* _ABOUT THIS EXERCISE_
The line containing "Чехол Genshin Impact" marks the end: quote every line from the start of the records below through it, word for word.

----- RECORDS TO PROCESS

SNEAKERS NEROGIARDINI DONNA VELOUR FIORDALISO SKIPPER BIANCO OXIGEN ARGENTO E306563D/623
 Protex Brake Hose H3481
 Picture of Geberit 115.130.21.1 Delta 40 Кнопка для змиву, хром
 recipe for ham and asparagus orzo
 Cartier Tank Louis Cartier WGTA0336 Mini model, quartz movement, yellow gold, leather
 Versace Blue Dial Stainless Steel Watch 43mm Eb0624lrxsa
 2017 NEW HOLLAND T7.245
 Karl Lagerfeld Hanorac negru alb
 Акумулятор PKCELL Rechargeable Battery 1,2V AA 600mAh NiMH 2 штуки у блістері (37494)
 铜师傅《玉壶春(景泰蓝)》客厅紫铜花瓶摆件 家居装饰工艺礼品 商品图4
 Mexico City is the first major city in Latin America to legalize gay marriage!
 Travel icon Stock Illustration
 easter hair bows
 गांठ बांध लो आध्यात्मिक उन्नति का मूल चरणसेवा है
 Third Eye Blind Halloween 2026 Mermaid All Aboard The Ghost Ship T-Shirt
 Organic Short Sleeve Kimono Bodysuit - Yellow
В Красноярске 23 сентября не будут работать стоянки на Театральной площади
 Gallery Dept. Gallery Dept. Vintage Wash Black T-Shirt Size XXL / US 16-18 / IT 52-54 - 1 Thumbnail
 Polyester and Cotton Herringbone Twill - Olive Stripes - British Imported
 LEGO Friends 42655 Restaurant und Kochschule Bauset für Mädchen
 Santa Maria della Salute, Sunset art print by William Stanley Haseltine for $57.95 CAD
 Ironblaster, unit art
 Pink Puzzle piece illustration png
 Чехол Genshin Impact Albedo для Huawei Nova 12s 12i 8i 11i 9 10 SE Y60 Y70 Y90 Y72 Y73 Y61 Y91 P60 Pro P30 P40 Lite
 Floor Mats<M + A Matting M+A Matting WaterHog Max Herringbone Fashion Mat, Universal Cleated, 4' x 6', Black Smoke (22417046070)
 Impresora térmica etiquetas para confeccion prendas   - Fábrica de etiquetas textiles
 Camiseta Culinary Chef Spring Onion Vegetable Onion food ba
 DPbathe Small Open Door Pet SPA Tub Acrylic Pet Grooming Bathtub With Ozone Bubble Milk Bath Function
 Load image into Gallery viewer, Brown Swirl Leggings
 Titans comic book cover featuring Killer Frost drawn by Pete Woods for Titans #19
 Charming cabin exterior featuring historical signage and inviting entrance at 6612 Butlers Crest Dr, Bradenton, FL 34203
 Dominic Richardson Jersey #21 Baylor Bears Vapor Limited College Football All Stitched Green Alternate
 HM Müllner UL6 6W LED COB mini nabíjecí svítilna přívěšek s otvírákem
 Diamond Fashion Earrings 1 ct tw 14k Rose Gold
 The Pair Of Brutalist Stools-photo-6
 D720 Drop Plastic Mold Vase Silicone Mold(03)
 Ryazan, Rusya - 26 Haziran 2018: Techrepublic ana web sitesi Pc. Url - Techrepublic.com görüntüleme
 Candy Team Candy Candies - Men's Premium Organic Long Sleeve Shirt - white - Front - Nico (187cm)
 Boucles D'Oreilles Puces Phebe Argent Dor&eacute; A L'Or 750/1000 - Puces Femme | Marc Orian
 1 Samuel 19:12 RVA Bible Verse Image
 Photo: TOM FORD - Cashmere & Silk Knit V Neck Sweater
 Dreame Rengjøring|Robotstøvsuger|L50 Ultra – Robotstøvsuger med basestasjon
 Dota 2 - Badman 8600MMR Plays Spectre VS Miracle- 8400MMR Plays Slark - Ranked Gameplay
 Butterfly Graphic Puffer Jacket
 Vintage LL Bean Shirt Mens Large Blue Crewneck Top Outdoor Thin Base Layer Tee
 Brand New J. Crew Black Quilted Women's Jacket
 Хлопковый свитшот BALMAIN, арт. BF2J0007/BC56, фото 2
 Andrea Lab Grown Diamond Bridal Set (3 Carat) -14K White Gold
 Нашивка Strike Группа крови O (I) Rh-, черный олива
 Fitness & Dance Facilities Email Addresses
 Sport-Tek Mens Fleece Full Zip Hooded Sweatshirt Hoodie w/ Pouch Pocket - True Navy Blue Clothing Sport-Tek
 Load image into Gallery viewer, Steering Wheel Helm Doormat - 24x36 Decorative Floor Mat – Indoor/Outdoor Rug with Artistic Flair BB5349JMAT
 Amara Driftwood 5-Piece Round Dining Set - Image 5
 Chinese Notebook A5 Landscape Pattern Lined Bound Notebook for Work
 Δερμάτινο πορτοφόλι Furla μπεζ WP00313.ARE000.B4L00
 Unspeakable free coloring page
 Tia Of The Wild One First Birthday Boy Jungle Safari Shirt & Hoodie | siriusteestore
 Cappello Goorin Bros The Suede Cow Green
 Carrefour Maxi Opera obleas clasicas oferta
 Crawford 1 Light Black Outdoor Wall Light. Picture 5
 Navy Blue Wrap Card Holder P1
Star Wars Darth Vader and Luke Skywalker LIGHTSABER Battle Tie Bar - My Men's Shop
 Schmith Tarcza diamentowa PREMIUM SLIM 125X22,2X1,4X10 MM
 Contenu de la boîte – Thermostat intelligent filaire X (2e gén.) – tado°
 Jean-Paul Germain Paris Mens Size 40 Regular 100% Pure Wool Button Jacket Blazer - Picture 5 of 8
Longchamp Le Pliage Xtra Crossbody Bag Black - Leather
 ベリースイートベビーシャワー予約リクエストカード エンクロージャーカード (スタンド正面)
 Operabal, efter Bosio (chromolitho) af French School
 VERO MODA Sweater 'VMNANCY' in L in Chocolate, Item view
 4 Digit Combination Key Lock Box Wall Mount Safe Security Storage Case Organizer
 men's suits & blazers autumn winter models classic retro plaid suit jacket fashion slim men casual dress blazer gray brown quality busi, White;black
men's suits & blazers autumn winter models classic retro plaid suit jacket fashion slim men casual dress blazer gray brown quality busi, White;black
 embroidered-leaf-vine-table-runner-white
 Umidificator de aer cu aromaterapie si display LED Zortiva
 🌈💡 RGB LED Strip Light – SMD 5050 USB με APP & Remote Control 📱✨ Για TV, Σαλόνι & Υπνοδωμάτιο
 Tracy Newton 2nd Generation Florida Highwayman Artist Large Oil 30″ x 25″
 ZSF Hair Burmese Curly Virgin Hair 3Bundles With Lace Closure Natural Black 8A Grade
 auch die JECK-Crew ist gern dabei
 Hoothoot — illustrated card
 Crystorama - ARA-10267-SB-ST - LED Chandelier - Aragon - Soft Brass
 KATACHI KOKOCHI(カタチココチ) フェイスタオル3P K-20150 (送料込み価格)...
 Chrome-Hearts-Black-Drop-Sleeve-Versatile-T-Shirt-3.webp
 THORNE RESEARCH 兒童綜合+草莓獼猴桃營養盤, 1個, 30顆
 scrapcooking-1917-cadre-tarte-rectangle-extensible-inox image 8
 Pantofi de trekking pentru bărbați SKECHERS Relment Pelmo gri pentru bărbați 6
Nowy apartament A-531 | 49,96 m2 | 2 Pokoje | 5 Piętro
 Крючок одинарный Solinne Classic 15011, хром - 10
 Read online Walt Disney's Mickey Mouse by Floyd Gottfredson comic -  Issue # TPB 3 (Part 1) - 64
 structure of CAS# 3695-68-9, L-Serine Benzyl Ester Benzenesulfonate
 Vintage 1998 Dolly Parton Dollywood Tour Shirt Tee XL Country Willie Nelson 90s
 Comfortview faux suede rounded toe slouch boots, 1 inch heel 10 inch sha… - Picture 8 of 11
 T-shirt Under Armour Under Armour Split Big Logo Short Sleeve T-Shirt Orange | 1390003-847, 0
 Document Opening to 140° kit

----------

* _EXERCISE OUTPUT_
SNEAKERS NEROGIARDINI DONNA VELOUR FIORDALISO SKIPPER BIANCO OXIGEN ARGENTO E306563D/623
 Protex Brake Hose H3481
 Picture of Geberit 115.130.21.1 Delta 40 Кнопка для змиву, хром
 recipe for ham and asparagus orzo
 Cartier Tank Louis Cartier WGTA0336 Mini model, quartz movement, yellow gold, leather
 Versace Blue Dial Stainless Steel Watch 43mm Eb0624lrxsa
 2017 NEW HOLLAND T7.245
 Karl Lagerfeld Hanorac negru alb
 Акумулятор PKCELL Rechargeable Battery 1,2V AA 600mAh NiMH 2 штуки у блістері (37494)
 铜师傅《玉壶春(景泰蓝)》客厅紫铜花瓶摆件 家居装饰工艺礼品 商品图4
 Mexico City is the first major city in Latin America to legalize gay marriage!
 Travel icon Stock Illustration
 easter hair bows
 गांठ बांध लो आध्यात्मिक उन्नति का मूल चरणसेवा है
 Third Eye Blind Halloween 2026 Mermaid All Aboard The Ghost Ship T-Shirt
 Organic Short Sleeve Kimono Bodysuit - Yellow
В Красноярске 23 сентября не будут работать стоянки на Театральной площади
 Gallery Dept. Gallery Dept. Vintage Wash Black T-Shirt Size XXL / US 16-18 / IT 52-54 - 1 Thumbnail
 Polyester and Cotton Herringbone Twill - Olive Stripes - British Imported
 LEGO Friends 42655 Restaurant und Kochschule Bauset für Mädchen
 Santa Maria della Salute, Sunset art print by William Stanley Haseltine for $57.95 CAD
 Ironblaster, unit art
 Pink Puzzle piece illustration png
 Чехол Genshin Impact Albedo для Huawei Nova 12s 12i 8i 11i 9 10 SE Y60 Y70 Y90 Y72 Y73 Y61 Y91 P60 Pro P30 P40 Lite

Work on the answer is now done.